少し凹凸のある焼きあがったたこ焼きの生地は、建築素材でいうならザラザラとした質感の「リシン吹付け」に似ています。

また、たこ焼きは、タコを生地でまるっと包み込むように作られます。

リシン吹付けは、様々な下地の上に細かな骨材入りの塗料を少し厚みをもたせて吹き付け、下地をまるっと包み込みます。
この作られ方が、たこ焼きの作られ方ともよく似ていると感じました。

リシン吹付けはリーズナブルですが、使い方によっては安っぽくなること無く、凹凸のある素材感によって空間に奥行きを生むこともできると考えました。

素材感、コスト、施工性を全て兼ね備えたリシン吹付けがこの空間にふさわしいと考え、この素材で進めることに決めました。

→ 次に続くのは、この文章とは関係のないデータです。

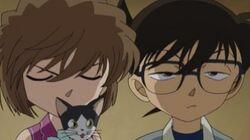 Beckoning Cat from Right to Left Beckoning Cat from Right to Left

一般的には素材ごとに切り替える細かなディテールが発生しますが、今回は壁、天井、家具など全体をリシン吹付けでまるっと包み込むため、下地づくりが完了してから、仕上げまでが一気に進んでいきます。

リシン吹付けは、たこ焼きの作られ方を表現すると同時に、工事の簡略化と工期の短縮にもなりました。

(細かなディテールを作り込むと、どうじても工事が複雑になり、工期も伸びてしまいます。)

あとは、細かいことですが、気を使いたいこととして、天井のエアコンや勝手口の扉、照明器具の枠まで全て同色で塗装したり、店内の目立つところにはコンセントやスイッチ類が見えないように気を配り、余計なものが目立たないようにしました。

お店のインテリアは、お店のコンセプトを表現できるものです。

どんなお店にしていきたいか、どういった商品や食事を提供するのか、それに合ったインテリアを同時に設計していくことで、お店のブランディングづくりにもなります。

「お店の特徴」「コンセプト」「インテリア」が一体となった、一本筋の通ったお店づくりがとても大切だと感じています。